== Directions for this task ==
Copy exactly the stretch of lines from the one holding "High Tide Weston-Super-Mare" through the last line of the data below, inclusive. Leave out pictures.

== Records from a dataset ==
════════

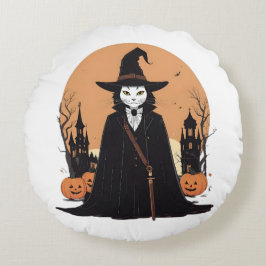 Cojín Redondo Gato negro místico salem con calabazas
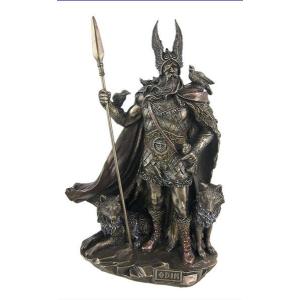 馬に乗った北欧のバイキング戦士 彫像フィギュア ブロンズ風彫刻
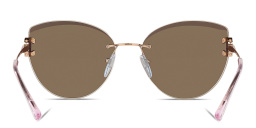 BVLGARI Rimless Cat Eye Sunglasses in Pink Gold – Product Photo 4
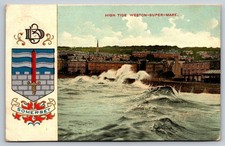 High Tide Weston-Super-Mare England Vintage Postcard picture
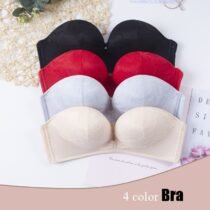 Strapless Non-slip Invisible Detachable Adjustable Push Up Strap Bra-0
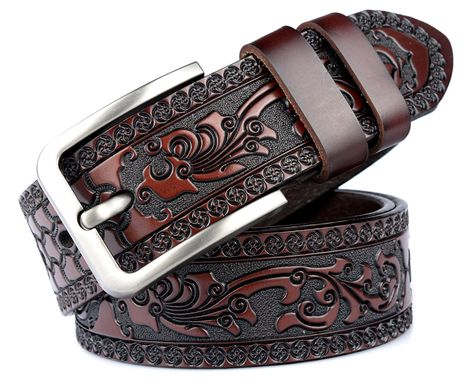 PRICES MAY VARY. 【Durable and Classic Western Cowboy Belt】Cowboy belt is made of quality leather, decorated with embossed flower patterns, classic and beautiful, the belt buckle is made of quality zinc alloy, reliable for a long time use, not easy to break and fade. 【Western Cowgirl Cowboy Belts Size】Two size could to choose,Detailed Size Information: bull shape belt buckle measures about 3.8cm/1.5 inches in width, One size about 43 inches in length, Suit for Waist 34''-39'',The other size about Mens Belts Fashion, Ikat Pinggang, Leather Pant, Punk Rock Fashion, Designer Belt, Designer Belts, Vintage Punk, Vintage Gothic, Faux Leather Belts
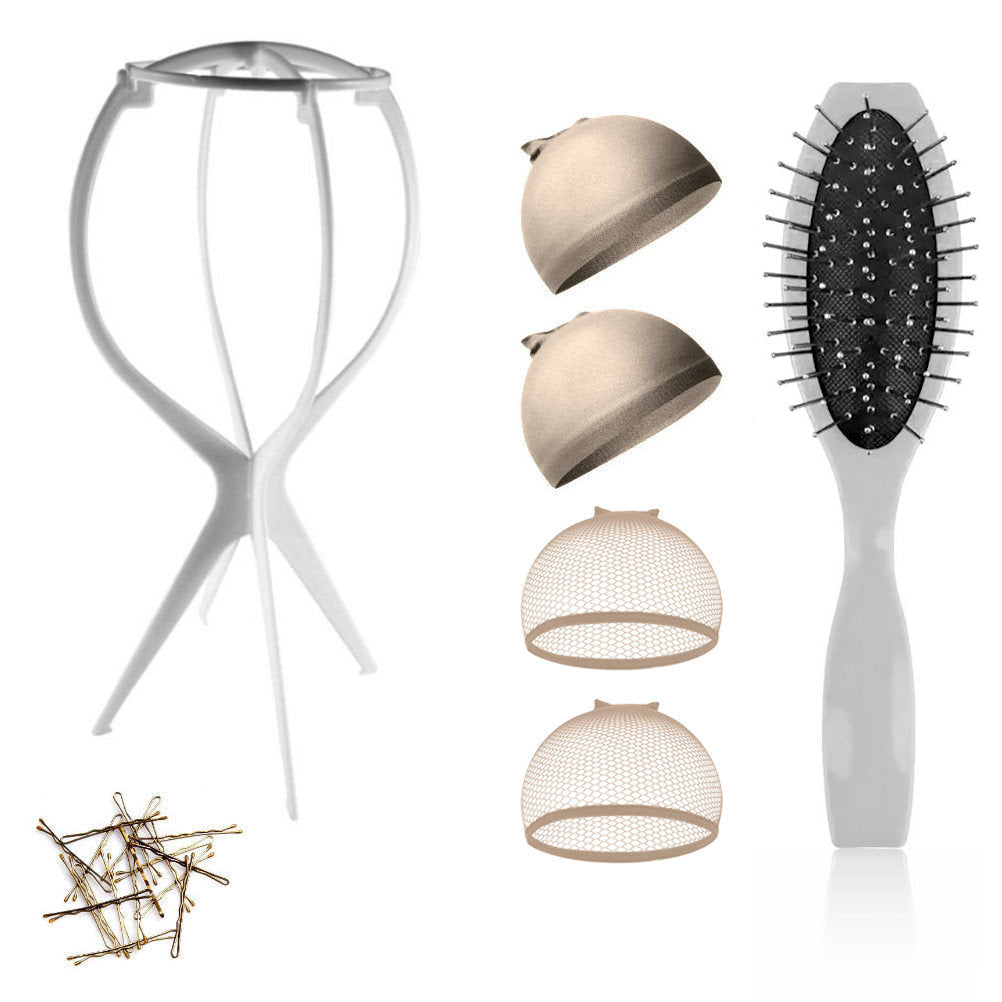WK015 - 1-Wig Stand, 4-Wig Caps, Bobby Pins by Wig Aisle in color WK-LITE_WHT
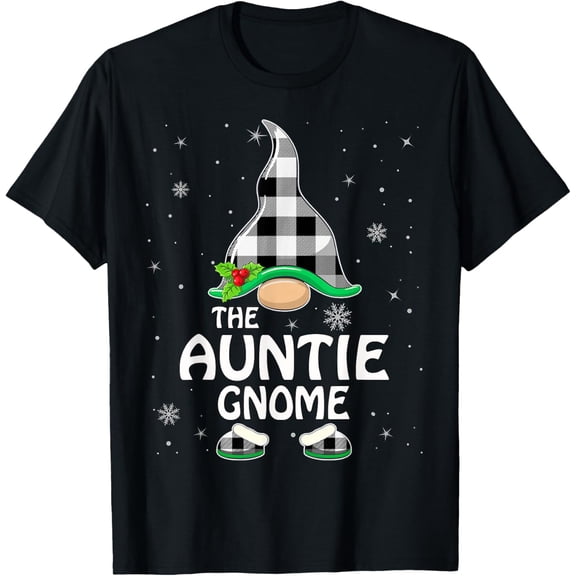 Auntie Gnome Buffalo Plaid Matching Family Group Christmas T-Shirt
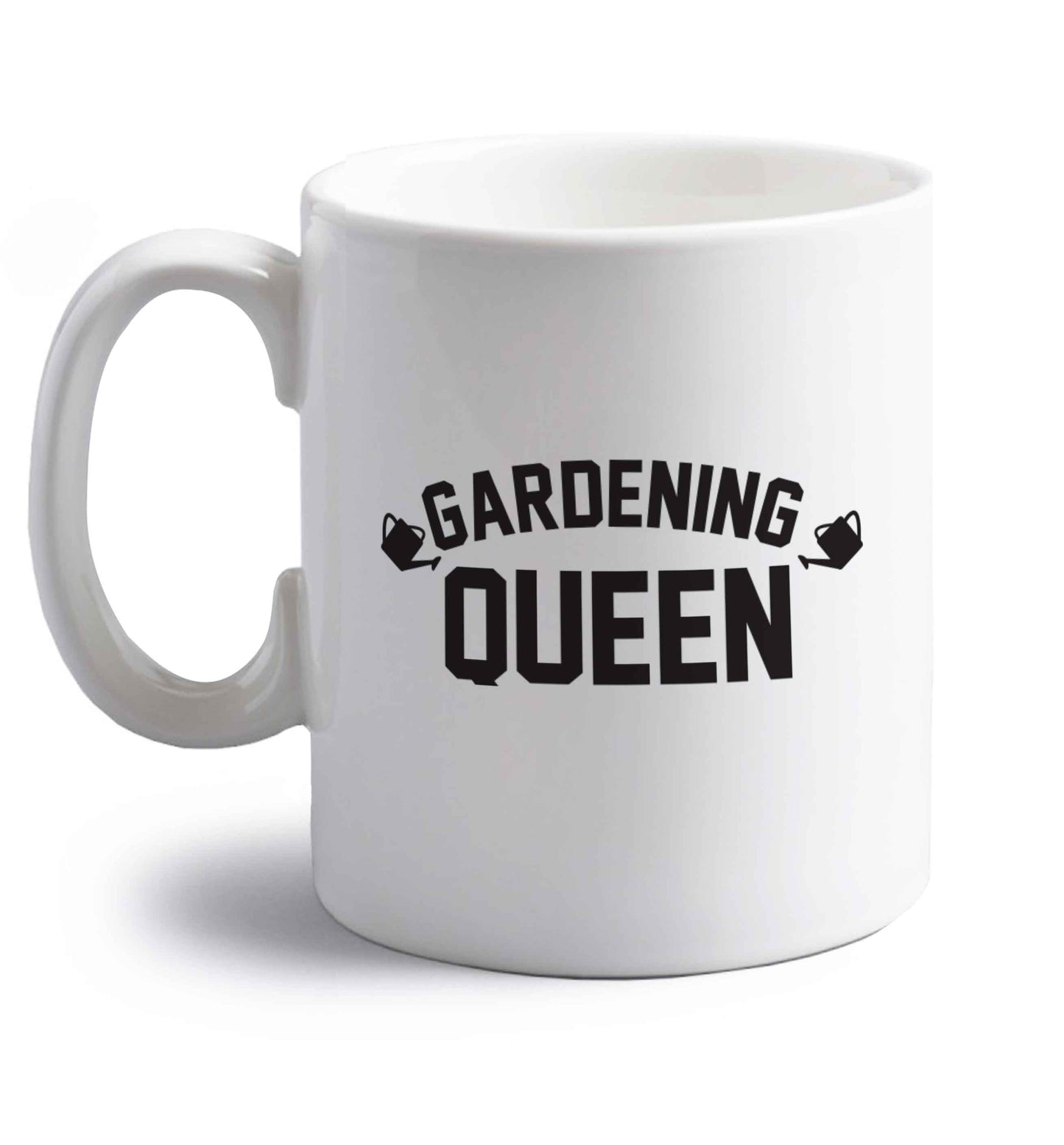 Gardening queen right handed white ceramic mug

════════

== Written reply ==
 High Tide Weston-Super-Mare England Vintage Postcard picture
 Strapless Non-slip Invisible Detachable Adjustable Push Up Strap Bra-0
 PRICES MAY VARY. 【Durable and Classic Western Cowboy Belt】Cowboy belt is made of quality leather, decorated with embossed flower patterns, classic and beautiful, the belt buckle is made of quality zinc alloy, reliable for a long time use, not easy to break and fade. 【Western Cowgirl Cowboy Belts Size】Two size could to choose,Detailed Size Information: bull shape belt buckle measures about 3.8cm/1.5 inches in width, One size about 43 inches in length, Suit for Waist 34''-39'',The other size about Mens Belts Fashion, Ikat Pinggang, Leather Pant, Punk Rock Fashion, Designer Belt, Designer Belts, Vintage Punk, Vintage Gothic, Faux Leather Belts
WK015 - 1-Wig Stand, 4-Wig Caps, Bobby Pins by Wig Aisle in color WK-LITE_WHT
 Auntie Gnome Buffalo Plaid Matching Family Group Christmas T-Shirt
 Gardening queen right handed white ceramic mug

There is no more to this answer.